There are different sorts of barriers that unbelievers have towards the Gospel. Some are intellectual, and some are emotional. Imagine a man whose wife left him for another man and whose mother recently passed away after a long, agonizing battle with cancer. This man may not have as many intellectual objections to the faith, but he will almost certainly be dealing with the problem of pain. Another person may have heard that the Bible is historically unreliable, and the best answer to his question may be just to answer his question without delving into an in-depth discussion on epistemology (although the conversation may eventually get to that point).
- It is easy to confuse proof and persuasion.
This may seem like a tedious distinction, but it is absolutely crucial. To prove something is to create an argument that is sound and cannot be overturned. To persuade a person of something is to cause them to accept your conclusion as their own. It is far to easy for us to think that if we can prove something that we can also persuade someone of it. However, this is not the case. We know that "The heavens declare the glory of God and the sky above proclaims his handiwork" (Psalm 19.1) and that God's "eternal power and divine nature have been clearly perceived ever since the creation of the world in the things that have been made" (Romans 1.20). God uses the entire universe to prove His existence, but men can reject this clear proof for God's existence and darken their hearts. Likewise, we can present proof of God's existence without persuading the unbeliever. The perfect argument will not replace a heart of stone with a heart of flesh.
Positives of Evidentialism
Definition: Evidentialism is the method of apologetics which presents the unbeliever with evidence for the reliability of the Christian faith.

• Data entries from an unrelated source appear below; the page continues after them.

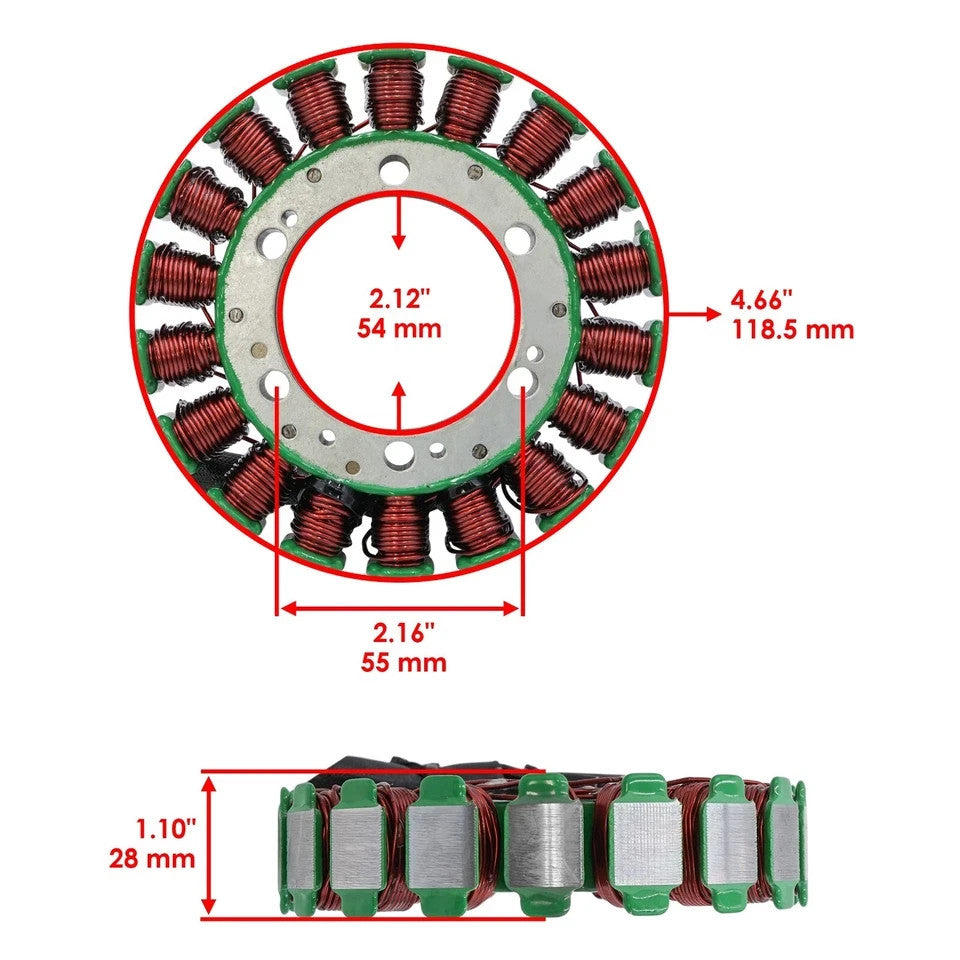 Stator & Gasket for Honda VT750CD VT-750CD Shadow ACE Deluxe 1998 1999 2000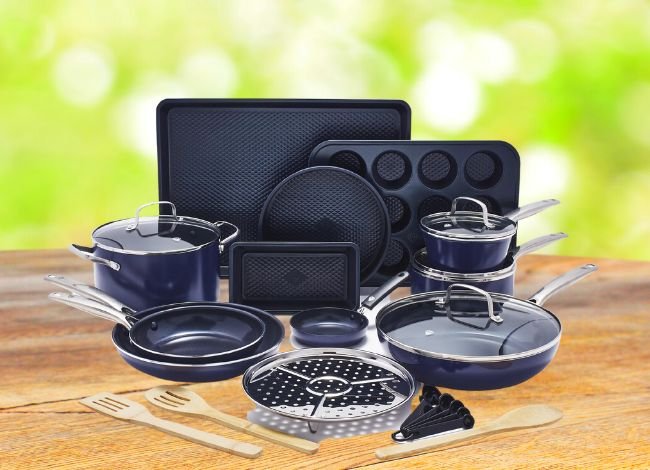 Blue Diamond Cookware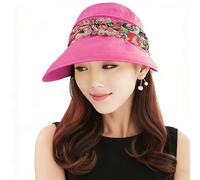 Paciffico Cappello da Sole Visiera Parasole Pieghevole a Tesa, Asciugatura Rapida, UPF 50+, Cappello da Spiaggia per Vacanze Spiaggia Nuoto Ciclismo Campeggio Escursionismo Corsa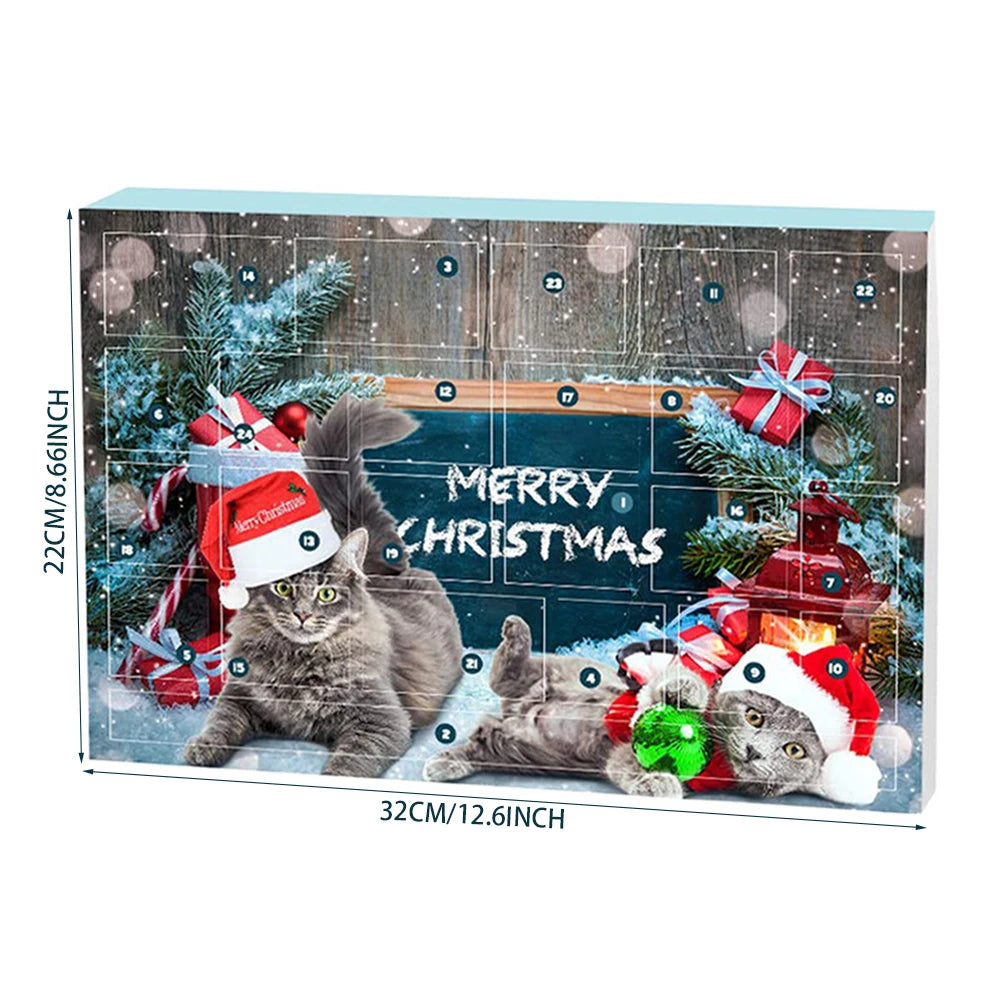Calendrier de l’Avent pour Chat - 24 Surprises adorables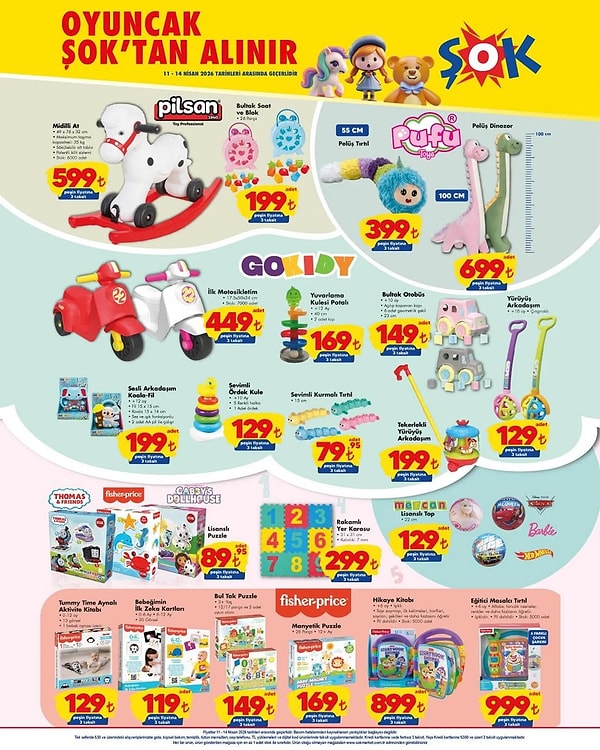 Pilsan Midilli At 599 TL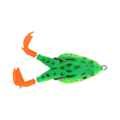 Miniatyrbillede 6 af 8: Dobbelt Propeller Frø Lokker Fleksibel Tyk Holdbar Kunstig Simulering Fiske Agns 6#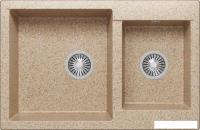 Кухонная мойка Polygran Brig-772 (песочный 302)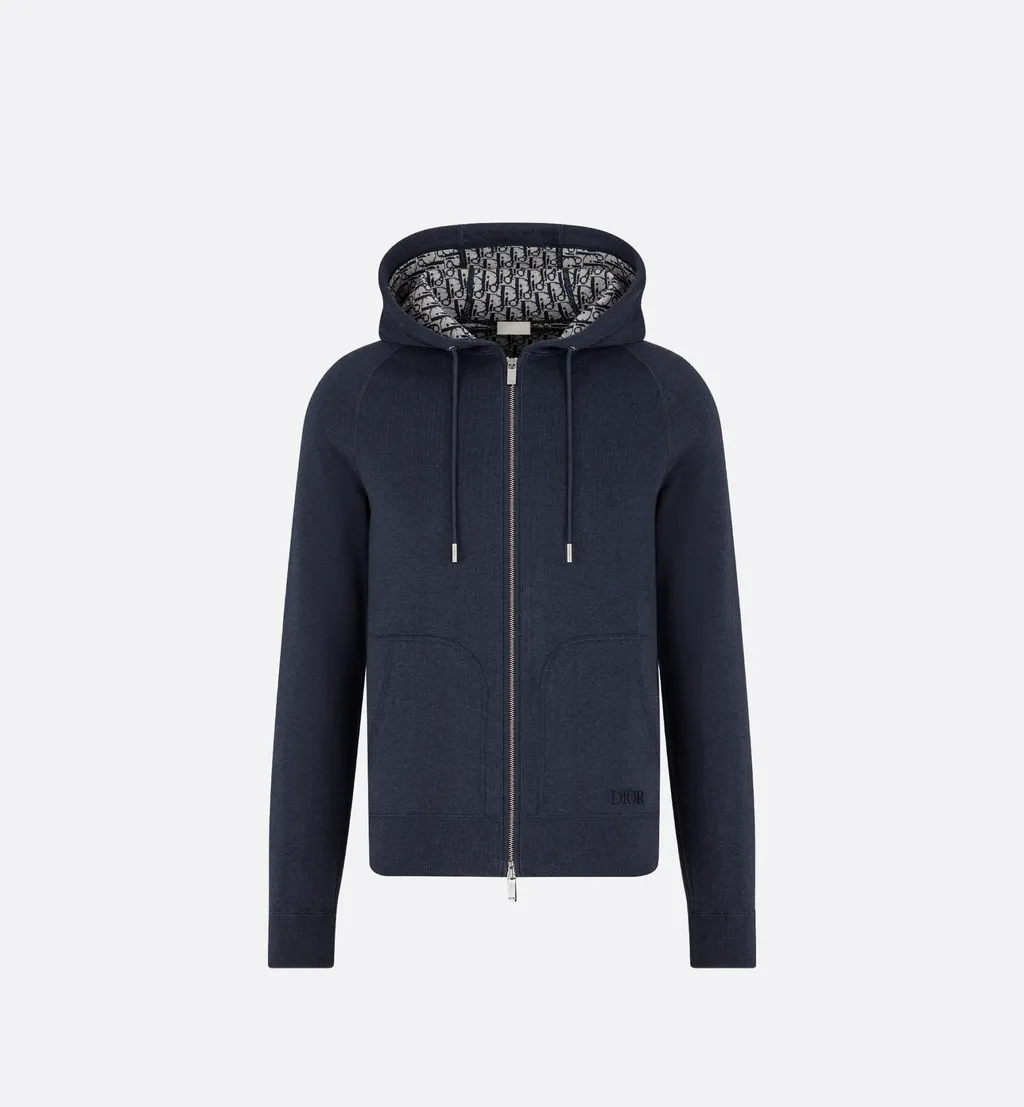 Hooded Track Jacket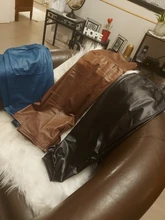 Clubwear Skirt Back-Split Bodycon Black Long High-Waist Women CUHAKCI Pencil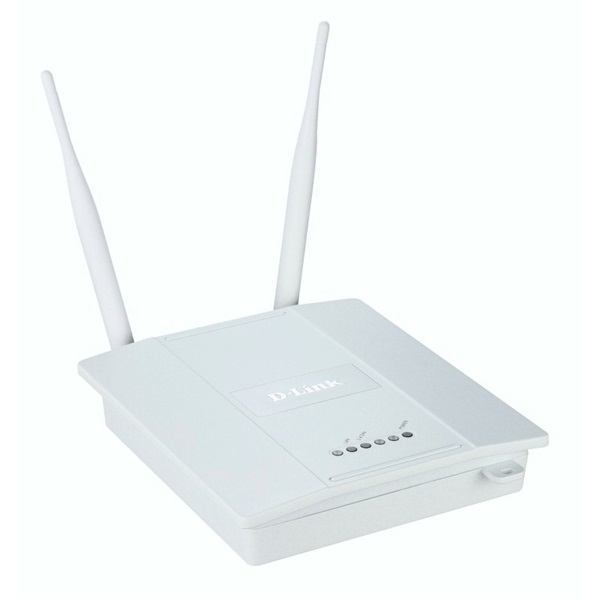 D-Link Access Point - DAP-2360 - Wireless N 300Mbps 5dBi 2,4Ghz Single-Band Gigabit LAN 8 SSID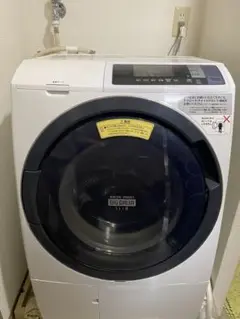 【ユウさん専用】HITACHI ビッグドラム BD-SG100BL 日立 ヒートリサイクル 風アイロン ビッグドラム BD-SG100BL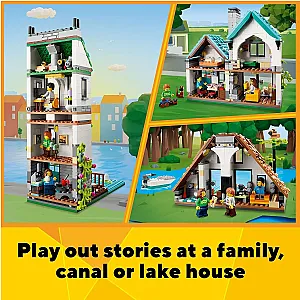 LEGO Creator 3 în 1 31139 – Casă confortabilă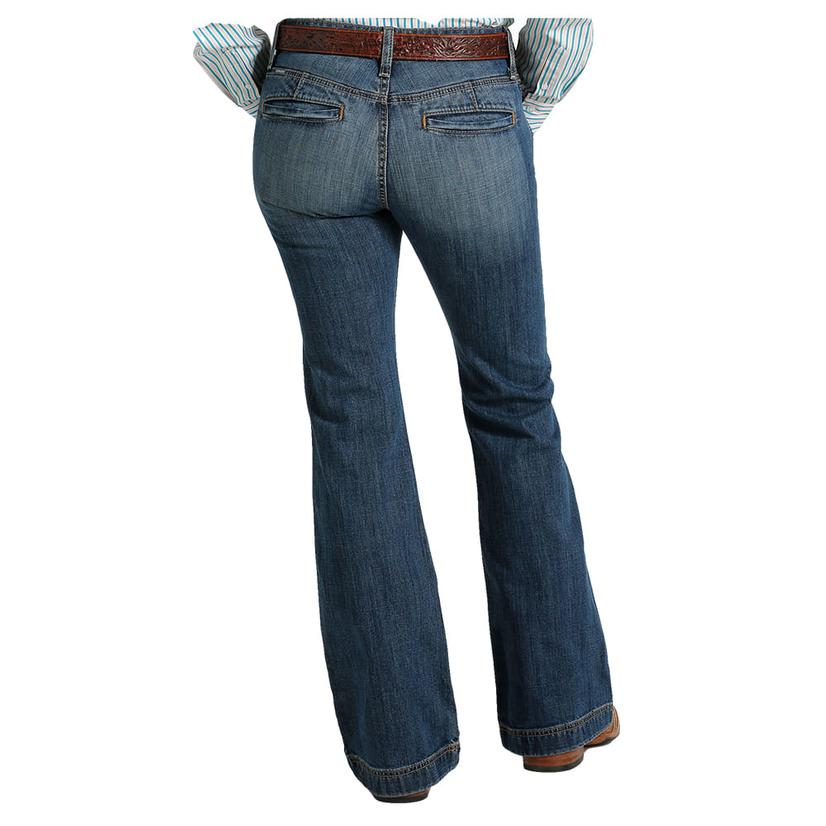  Cinch Dark Wash Lynden Trouser Women's Jeans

- Evidentialism recognizes that Christianity is based in historic events.
Christianity is grounded in the fact that certain things happened in real time and space. Evidentialism understands that there are certain facts and propositions that one must accept in order to become a Christian.
- Evidentialism encourages study of Scripture and its context.
Since the evidentialist is seeking to prove Scripture's internal consistency and its historical reliability, he must know his Bible know his history.
Negatives of Evidentialism
- Evidentialism places too much credit in the mind of fallen man.
We believe that we are totally depraved - that is that sin affects our entire being, including the mind. Evedentialism assumes that if we give the unbeliever sufficient evidence, we can persuade him. However, this is utterly false. God alone opens and shuts the eyes of our hearts. Faith is not a matter of having 51% of our evidence supporting Christianity and only 49% opposing it; but it is a matter of God regenerating us and making us able to understand the truth.
- Evidentialism ultimately has no defense against materialism.
Many times, evidentialists appeal to the idea of an uncaused first cause to prove the existence of God. However, when a materialist comes along and says that the stuff the universe is made of is eternal, the evedentialist runs out of evidence. You cannot tackle the issue of first causes without the presuppositional argument
In conclusion, every person is different, with a unique personality and background, so we must address them as individuals. We cannot simply commit ourselves to a specific apologetic method and blast away at the unbeliever. To do so is not only foolish, but it also shows that we have a greater desire to prove ourselves right and the unbeliever wrong than to give glory to God by our witness. We have seen that both of the major competing schools of apologetics have advantages and disadvantages. There is no universally "right" way to do apologetics except to preach Christ and Him crucified and resurrected and let the Holy Spirit do the work.